The CFR will allow all hospital Trusts to raise finance through prudential borrowing, so long as they meet risk ratios set by DH.
Prudential borrowing was previously limited to Foundation Hospital Trusts. The move to extend it to all Trusts could see PFI schemes increasingly replaced by rolling programmes of smaller design and build schemes.
Plymouth Hospitals NHS Trust is to be one of the first schemes to use the CFR to fund its Vanguard Health Project. Relaunched last week, following an affordability review, the project has been slashed from a £600m PFI scheme to a £170m refurbishment and D&B scheme, with only £30m earmarked for the PFI market.
Vanguard Project's deputy director Lesley Darke told CJ: "PFI used to be the only show in town. Trusts had to use it whether they liked it or not. Now, under the capital funding regime, acute hospital Trusts can access capital directly."

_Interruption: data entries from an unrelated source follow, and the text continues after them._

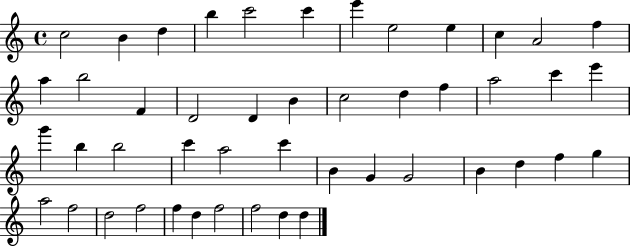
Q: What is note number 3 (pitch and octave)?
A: D5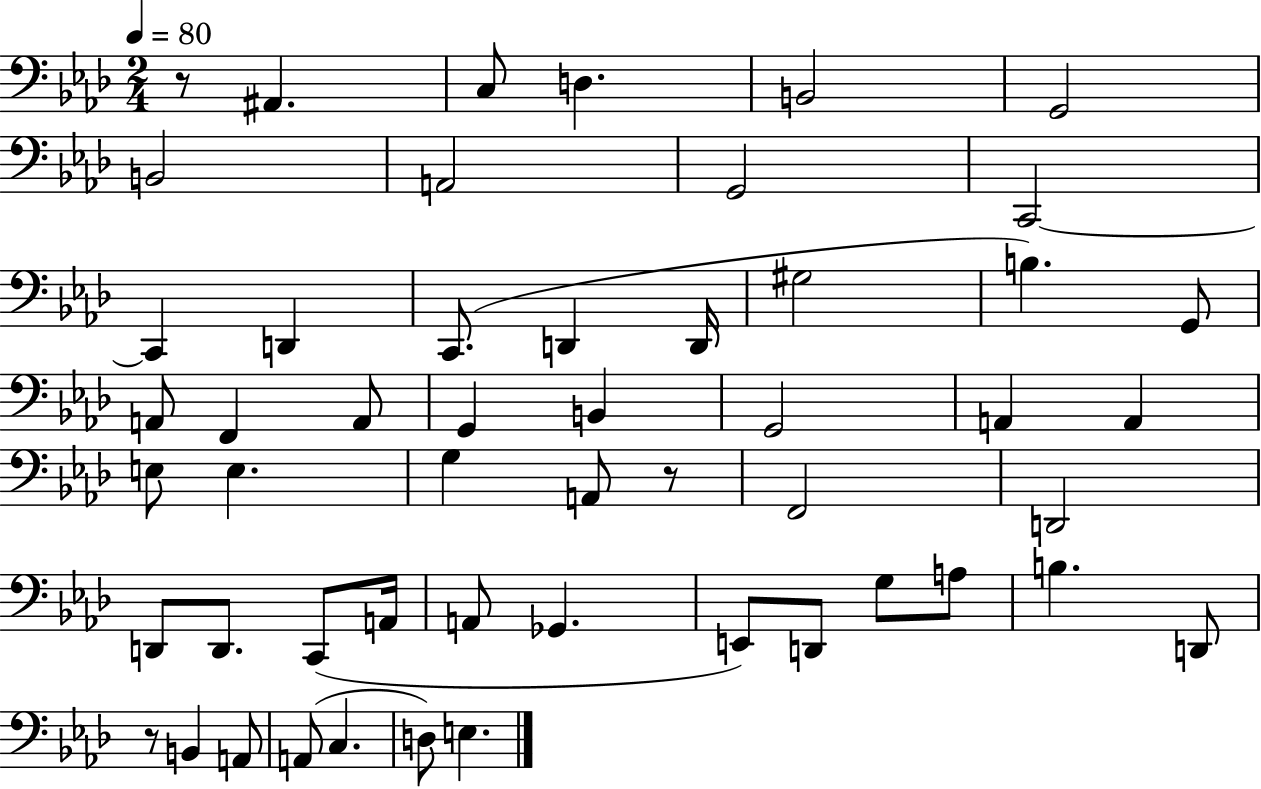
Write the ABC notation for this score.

X:1
T:Untitled
M:2/4
L:1/4
K:Ab
z/2 ^A,, C,/2 D, B,,2 G,,2 B,,2 A,,2 G,,2 C,,2 C,, D,, C,,/2 D,, D,,/4 ^G,2 B, G,,/2 A,,/2 F,, A,,/2 G,, B,, G,,2 A,, A,, E,/2 E, G, A,,/2 z/2 F,,2 D,,2 D,,/2 D,,/2 C,,/2 A,,/4 A,,/2 _G,, E,,/2 D,,/2 G,/2 A,/2 B, D,,/2 z/2 B,, A,,/2 A,,/2 C, D,/2 E,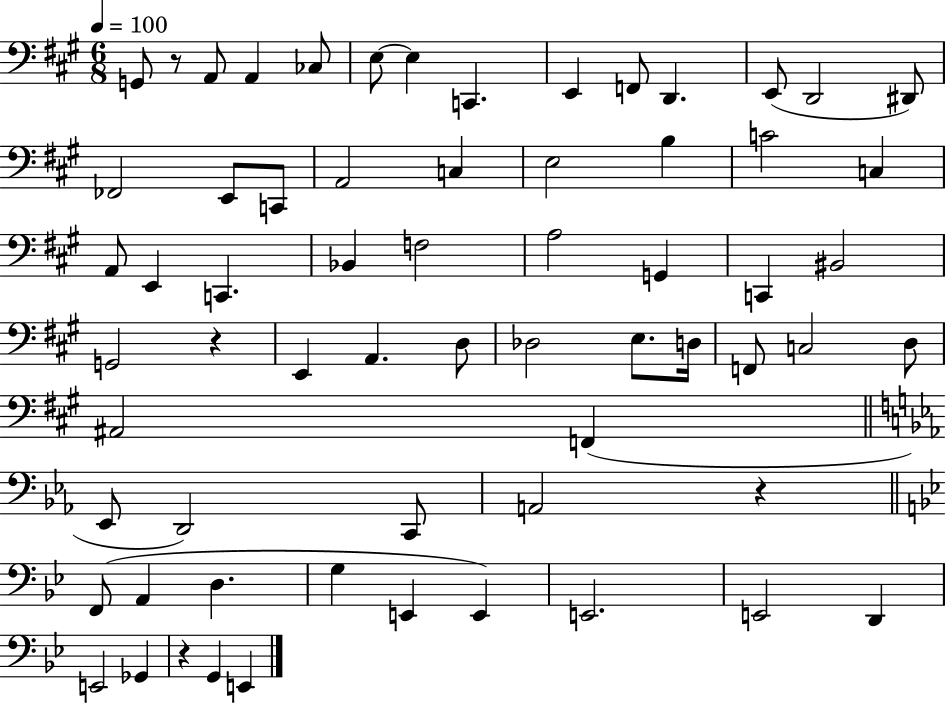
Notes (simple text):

G2/e R/e A2/e A2/q CES3/e E3/e E3/q C2/q. E2/q F2/e D2/q. E2/e D2/h D#2/e FES2/h E2/e C2/e A2/h C3/q E3/h B3/q C4/h C3/q A2/e E2/q C2/q. Bb2/q F3/h A3/h G2/q C2/q BIS2/h G2/h R/q E2/q A2/q. D3/e Db3/h E3/e. D3/s F2/e C3/h D3/e A#2/h F2/q Eb2/e D2/h C2/e A2/h R/q F2/e A2/q D3/q. G3/q E2/q E2/q E2/h. E2/h D2/q E2/h Gb2/q R/q G2/q E2/q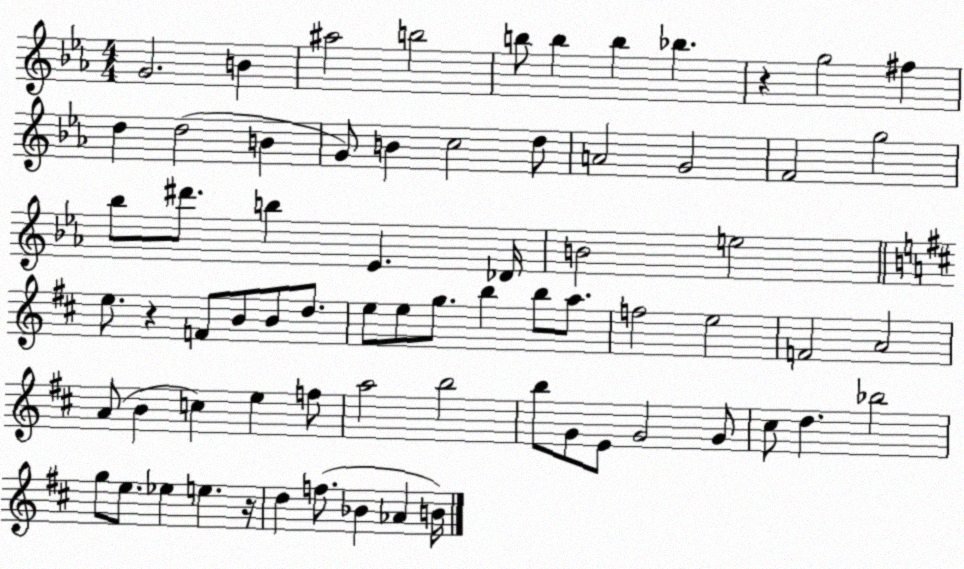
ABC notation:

X:1
T:Untitled
M:4/4
L:1/4
K:Eb
G2 B ^a2 b2 b/2 b b _b z g2 ^f d d2 B G/2 B c2 d/2 A2 G2 F2 g2 _b/2 ^d'/2 b _E _D/4 B2 e2 e/2 z F/2 B/2 B/2 d/2 e/2 e/2 g/2 b b/2 a/2 f2 e2 F2 A2 A/2 B c e f/2 a2 b2 b/2 G/2 E/2 G2 G/2 ^c/2 d _b2 g/2 e/2 _e e z/4 d f/2 _B _A B/4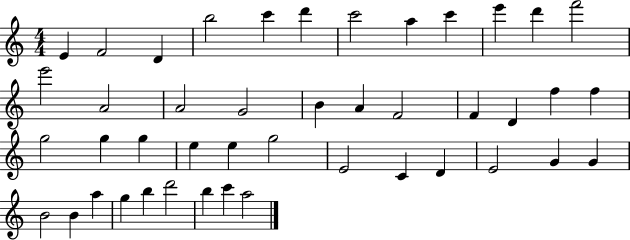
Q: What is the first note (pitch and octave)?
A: E4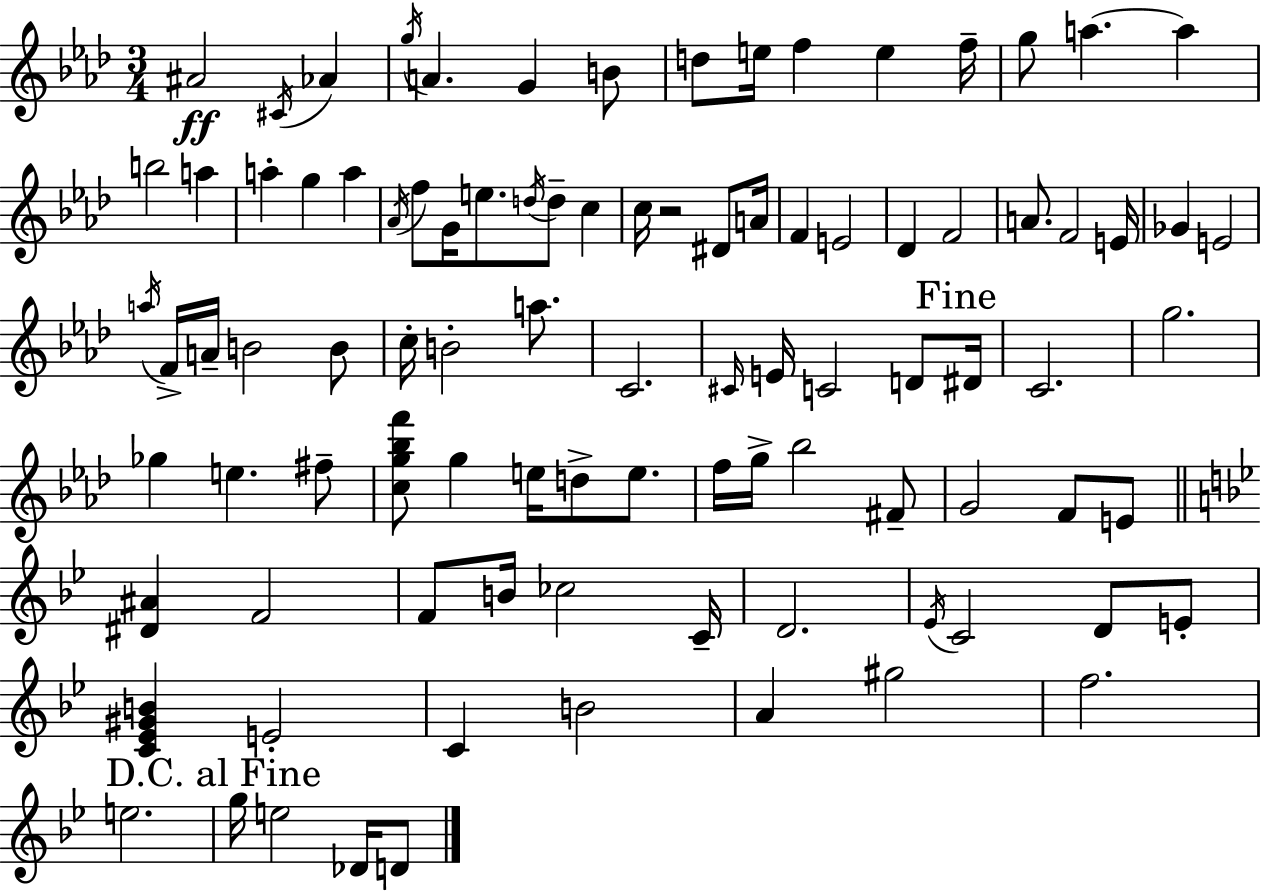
{
  \clef treble
  \numericTimeSignature
  \time 3/4
  \key f \minor
  \repeat volta 2 { ais'2\ff \acciaccatura { cis'16 } aes'4 | \acciaccatura { g''16 } a'4. g'4 | b'8 d''8 e''16 f''4 e''4 | f''16-- g''8 a''4.~~ a''4 | \break b''2 a''4 | a''4-. g''4 a''4 | \acciaccatura { aes'16 } f''8 g'16 e''8. \acciaccatura { d''16 } d''8-- | c''4 c''16 r2 | \break dis'8 a'16 f'4 e'2 | des'4 f'2 | a'8. f'2 | e'16 ges'4 e'2 | \break \acciaccatura { a''16 } f'16-> a'16-- b'2 | b'8 c''16-. b'2-. | a''8. c'2. | \grace { cis'16 } e'16 c'2 | \break d'8 \mark "Fine" dis'16 c'2. | g''2. | ges''4 e''4. | fis''8-- <c'' g'' bes'' f'''>8 g''4 | \break e''16 d''8-> e''8. f''16 g''16-> bes''2 | fis'8-- g'2 | f'8 e'8 \bar "||" \break \key bes \major <dis' ais'>4 f'2 | f'8 b'16 ces''2 c'16-- | d'2. | \acciaccatura { ees'16 } c'2 d'8 e'8-. | \break <c' ees' gis' b'>4 e'2-. | c'4 b'2 | a'4 gis''2 | f''2. | \break e''2. | \mark "D.C. al Fine" g''16 e''2 des'16 d'8 | } \bar "|."
}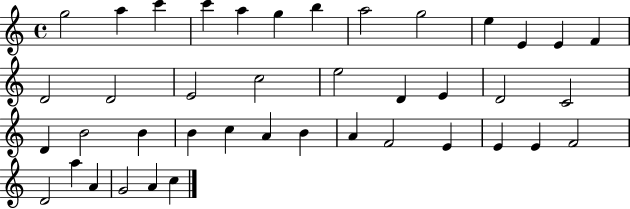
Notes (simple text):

G5/h A5/q C6/q C6/q A5/q G5/q B5/q A5/h G5/h E5/q E4/q E4/q F4/q D4/h D4/h E4/h C5/h E5/h D4/q E4/q D4/h C4/h D4/q B4/h B4/q B4/q C5/q A4/q B4/q A4/q F4/h E4/q E4/q E4/q F4/h D4/h A5/q A4/q G4/h A4/q C5/q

The revised scheme sees plans for a £400m new build PFI hospital replaced by a £155m six-year programme to refurbish the existing Derriford Hospital and a £15m design and build Children's Hospital. The first phase of the refurbishment, due to be advertised early next year, will be split into eight packages, each worth between £3m and £5m.
Only the Planned Care Centre remains a PFI scheme, but its value has been slashed from £200m to £30m. The centre will be advertised early next year.
Vanguard director Andy Ibbs said the revised plans "bring forward the proposals, including the major refurbishment of Derriford Hospital, and cost substantially less. It is intended to start work in 2008 and be complete by 2014, more than three years earlier than previously anticipated."
Andrew Percy, the National Federation of Builders's south west regional director, said: "This new Capital Funding scheme will offer an important alternative to PFI. Through this increased flexibility, there are potentially a greater number of opportunities for small and medium-sized firms to get involved with major rebuilding projects."